I could sure use some help from all of you morning exercisers, however. How do you get motivated to move in the morning?
Partly as a result of some busy and/or unmotivated mornings, I’m slightly behind on my February exercise goal. I’ve completed 825 of the 1300 minutes I intend to do. That means I need to average about 53 minutes a day for the rest of the month — certainly doable, especially if I get in one or two long days. Now, if I could just get myself going!
Check out how others are doing with their exercise goals at today’s Checkpoint: CHECKpoint! Feb 21
Ew! Oh, noes! I’ve had the Change issues since my early 30s (early, malingering “onset” type poo). I don’t suggest this for anybody (because there are many reasons why some people shouldn’t have soy) but what *I* found was switching to all soy (not shelved but refrigerated, organic and best if unsweetened) milk (for my coffee and tea — being an Irish Wilderness-based Ozarker, I drink tea all day long). I have about 3C a day. What’s funny is I switched for helping my cholesterol (it helped that, too) but what ended up happening is the phytoestrogens helped my symptoms! FWIW…
I rise so early that it has been extremely difficult to incorporate an early exercise regimen. When I was getting up at 3:30AM, that meant 2:30AM wakeup calls. In-sane. I’m able to sleep “in” now (4:45 — when I’m not awakened early due to “the neighbors”) and sneak in a quick 10 minutes of vinyasa and 35 minutes of kettlebells. I like it — but it took being 4:45, not 2:30!
I just went to the Dr yesterday to have all my levels done (hormones, thyroid, etc…), in addition to the leg. I’m curious to hear the outcome.
I haven’t had many symptoms yet, other than difficulty sleeping (but I’ve never been a good sleeper), and slow metabolism. It doesn’t help when my body aches :). Thanks for the tip on baths, good to know!
Great job exercising! Keep the focus.
I like working out in the morning a lot better too, but I’m only good at doing that when the time it takes to get to and from the gym is really short. Now that I live in a small town, it’s easier to get up early enough to exercise and get to work on time. In a bigger city, that doesn’t work as well for me even though I always feel better when I exercise in the morning.

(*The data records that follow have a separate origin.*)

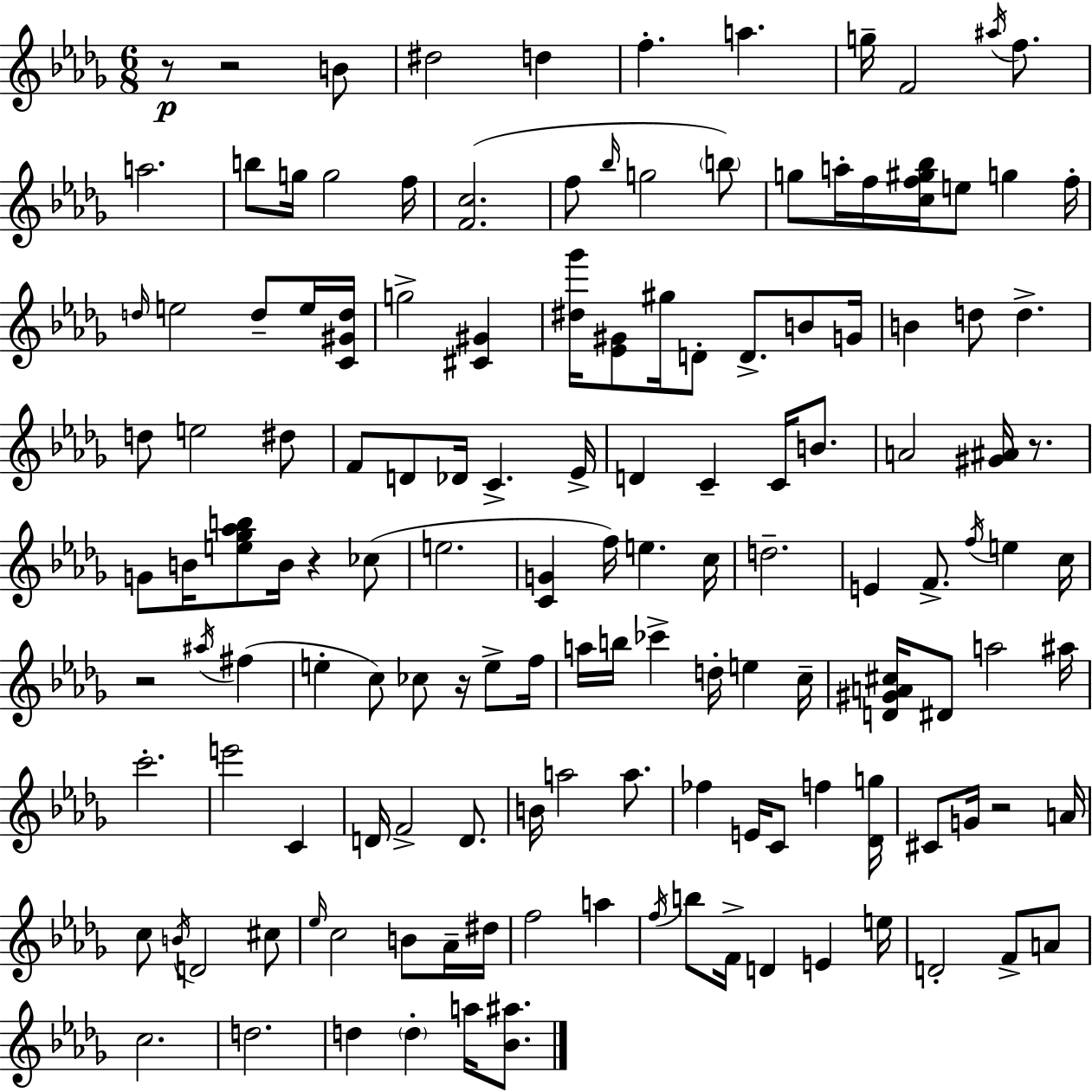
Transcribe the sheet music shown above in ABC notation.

X:1
T:Untitled
M:6/8
L:1/4
K:Bbm
z/2 z2 B/2 ^d2 d f a g/4 F2 ^a/4 f/2 a2 b/2 g/4 g2 f/4 [Fc]2 f/2 _b/4 g2 b/2 g/2 a/4 f/4 [cf^g_b]/4 e/2 g f/4 d/4 e2 d/2 e/4 [C^Gd]/4 g2 [^C^G] [^d_g']/4 [_E^G]/2 ^g/4 D/2 D/2 B/2 G/4 B d/2 d d/2 e2 ^d/2 F/2 D/2 _D/4 C _E/4 D C C/4 B/2 A2 [^G^A]/4 z/2 G/2 B/4 [e_g_ab]/2 B/4 z _c/2 e2 [CG] f/4 e c/4 d2 E F/2 f/4 e c/4 z2 ^a/4 ^f e c/2 _c/2 z/4 e/2 f/4 a/4 b/4 _c' d/4 e c/4 [D^GA^c]/4 ^D/2 a2 ^a/4 c'2 e'2 C D/4 F2 D/2 B/4 a2 a/2 _f E/4 C/2 f [_Dg]/4 ^C/2 G/4 z2 A/4 c/2 B/4 D2 ^c/2 _e/4 c2 B/2 _A/4 ^d/4 f2 a f/4 b/2 F/4 D E e/4 D2 F/2 A/2 c2 d2 d d a/4 [_B^a]/2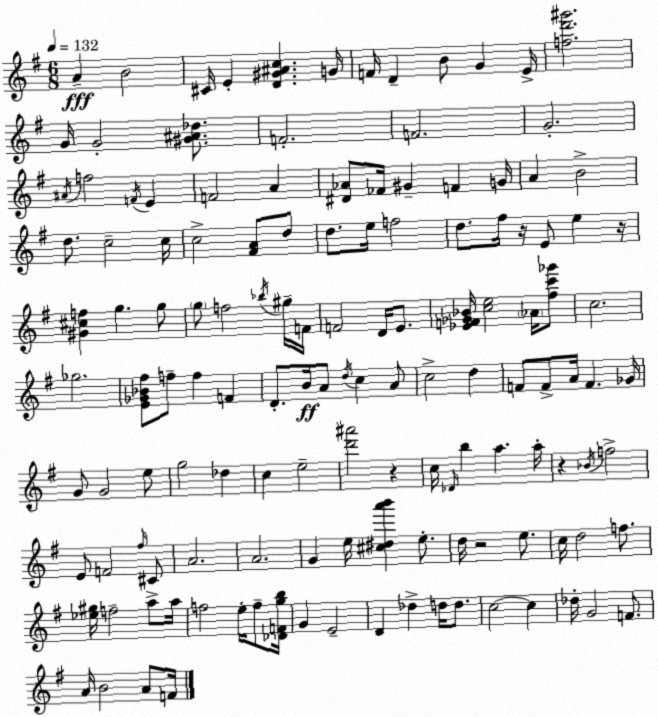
X:1
T:Untitled
M:6/8
L:1/4
K:Em
A B2 ^C/4 E [D^G^Ac] G/4 F/4 D B/2 G E/4 [fd'^g']2 G/4 G2 [^G^A_d]/2 F2 F2 G2 ^A/4 f2 F/4 E F2 A [^D_A]/2 _F/4 ^G F G/4 A B2 d/2 c2 c/4 c2 [^FA]/2 d/2 d/2 e/4 f2 d/2 ^f/4 z/4 E/2 e z/4 [^G^cf] g g/2 g/2 f2 _b/4 ^g/4 F/4 F2 D/4 E/2 [_EF_G_B]/4 [ce]2 _A/4 [^fc'_g']/2 c2 _g2 [E_G_B^f]/2 f/2 f F D/2 B/4 A/2 d/4 c A/2 c2 d F/2 F/2 A/4 F _G/4 G/2 G2 e/2 g2 _d c e2 [d'^a']2 z c/4 _D/4 b a a/4 z _B/4 f2 E/2 F2 ^f/4 ^C/2 A2 A2 G e/4 [^c^da'b'] e/2 d/4 z2 e/2 c/4 d2 f/2 [_e^g]/4 f2 a/2 a/4 f2 e/4 f/2 [_DFgb]/4 G E2 D _d d/4 d/2 c2 c _d/4 G2 F/2 A/4 B2 A/2 F/4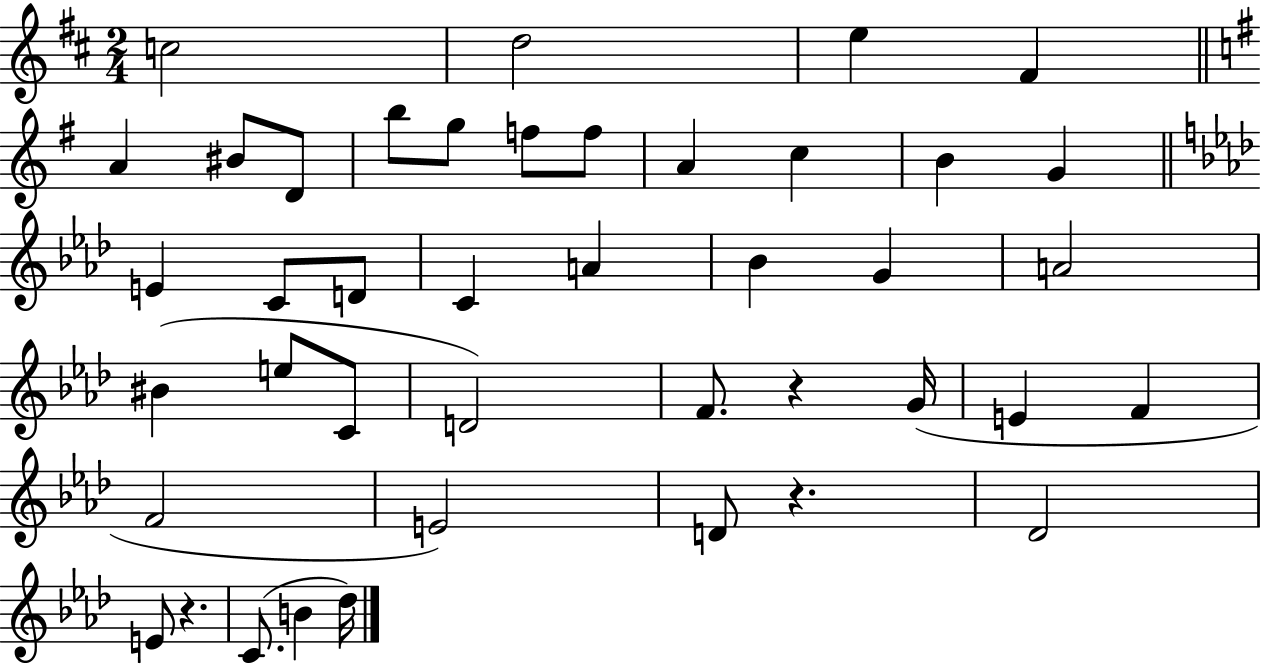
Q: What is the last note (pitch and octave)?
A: Db5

I work out all times – but for in the morning, I find if it’s easier to get it done if it’s done before I really start t get my day underway. If I start doing work – then there’s always something else to do. So I get up, get the kids off, check the computer and eat breakfast, and then it’s off to the gym. It helps to have all my stuff already packed too (I put a few days of clothes in my gym bag at a time).